My team has been blessed this week to be exposed to and experience Kampala life from one extreme to the other. We would spend one evening in the slum with the street kids, and then spend one evening at a coffee shop that felt like being back at home. It’s both interesting and appalling at how such extreme first and third worlds can live next door to each other.
There’s so much to share, and it is still difficult to distill it down to just words. Street kids are boys and girls who have come to the city through some situation and are essentially homeless. They scavenge the streets during the day for plastic bottles for recycling money and scraps of food from the trash to eat. They are parent-less, barely clothed, and usually barefoot. The street kids I met were as young as 2 years old to adults who live there to be “uncles” in the slums. Their “normal” is getting high on kerosene, getting beat up for what little they do have on them, and getting chased off and rounded up by the police.
The first afternoon we went to the slum, I was completely overwhelmed. The first boy who walked up to me was maybe 10 years old and his glazed-over eyes and shell of a person response was heartbreaking. JB, one of the Amari Uganda founders who was showing us around Kampala, told me that he was very high on something and not to worry about his staggering around in the street. Heartbreak. The look on his face told me that he wanted to talk to me and know my name, but he was too impaired to break through back to reality.

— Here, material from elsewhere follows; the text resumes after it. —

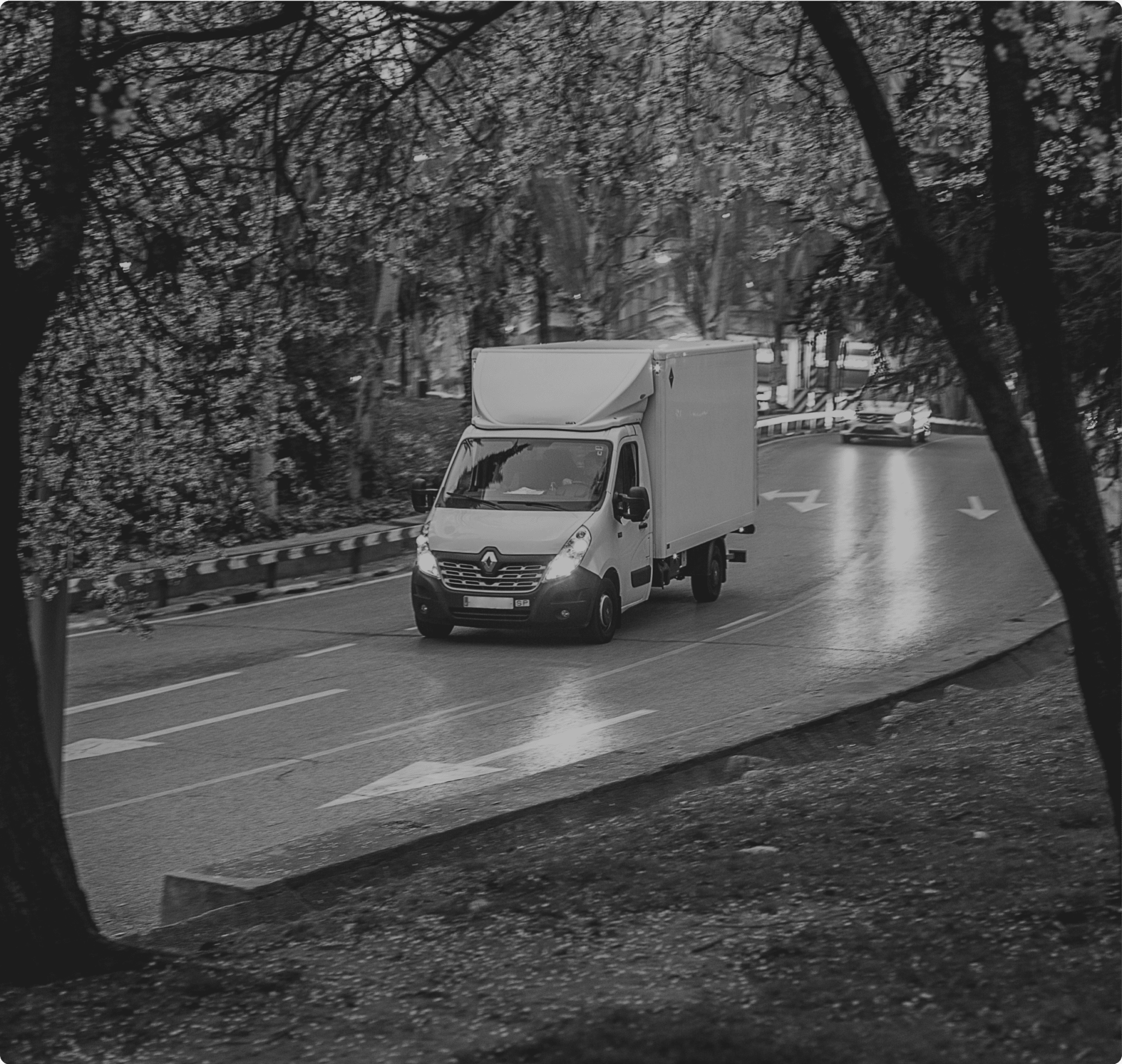 Camionnette roulant sur une route à 3 voies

JB also pointed out the other boys who were so high that they were passed out on the edge of the dirt street, with motorcycles and trucks driving inches from their bare feet. On our taxi ride back, I asked JB about the why…he said that the kids find it easier to be high and forget about their situation instead of working to get out of their situation. Although the children have several programs who will help them get out of the street, often the boys will return to the street and the addiction because it is easier. He explained that in order to be in the Amari program or any other program, the boys have to WANT to change. It hit me that I had dealt with this same situation in counseling addicts…but they were adults…these are children. Double heartbreak.

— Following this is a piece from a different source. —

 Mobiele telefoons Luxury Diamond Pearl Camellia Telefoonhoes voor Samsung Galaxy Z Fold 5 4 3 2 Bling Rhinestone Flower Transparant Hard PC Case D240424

The next evening we went back to the slum for night outreach, to spend time with these attention-hungry kids. It was just as overwhelming as the first day, but this time there were more kids…at least 50. They each wanted a hug. They each wanted you to know their name. They each wanted to be special to someone and loved. Every single one of them called me “Auntie.” As my team and I sat together, the boys and girls showed off their dance moves and tricks…the joy on their faces made me forget for a moment that we were in the slum. For a moment, they were just kids getting to be kids. They were free from the poverty and addiction for a rapidly passing hour. I was so immersed in the moment of joy, that I nearly got whiplash as I was quickly snapped back to reality. I gently felt one of the 2 year olds climb up into my lap…pull my hands around his bare belly…and wrap his little legs around mine. As I felt him relax into my embrace, it took everything in me not to curl up with him and bawl like a baby. I looked up to the sky, fighting the tears…and questioned God… How? Why? There are so many kids…how can I help all of them? How can I save all of them?

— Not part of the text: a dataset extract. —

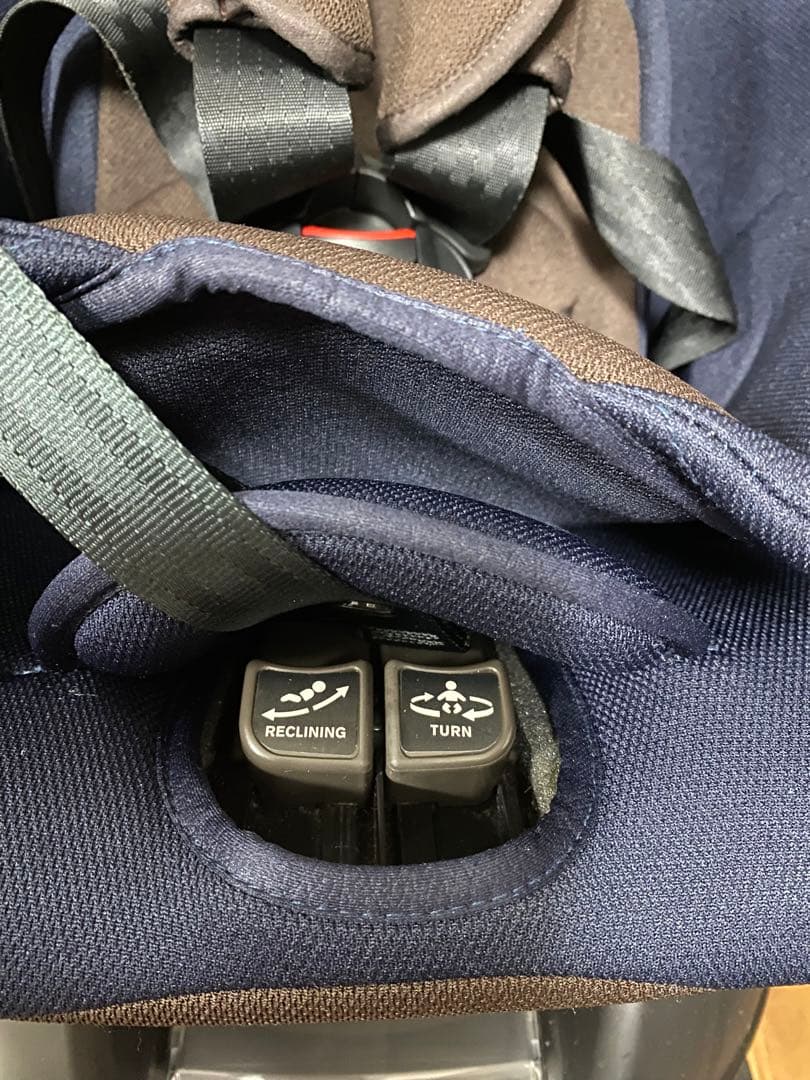 Combi コンビ 回転式チャイルドシート クルムーヴ クルムーブ　ISOFIX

And He simply said to me… “You can’t. I can.” He told me that He knows each of them just the way He knows me…He knows every hair on each head, and He knows each desire of each heart just the way He knows my heart. He said “Just love the one that is in your lap in this moment…just show the love I have shown you.” No more holding the tears back… I worshiped my God’s power and omnipotence as I watched those kids dance their hearts out…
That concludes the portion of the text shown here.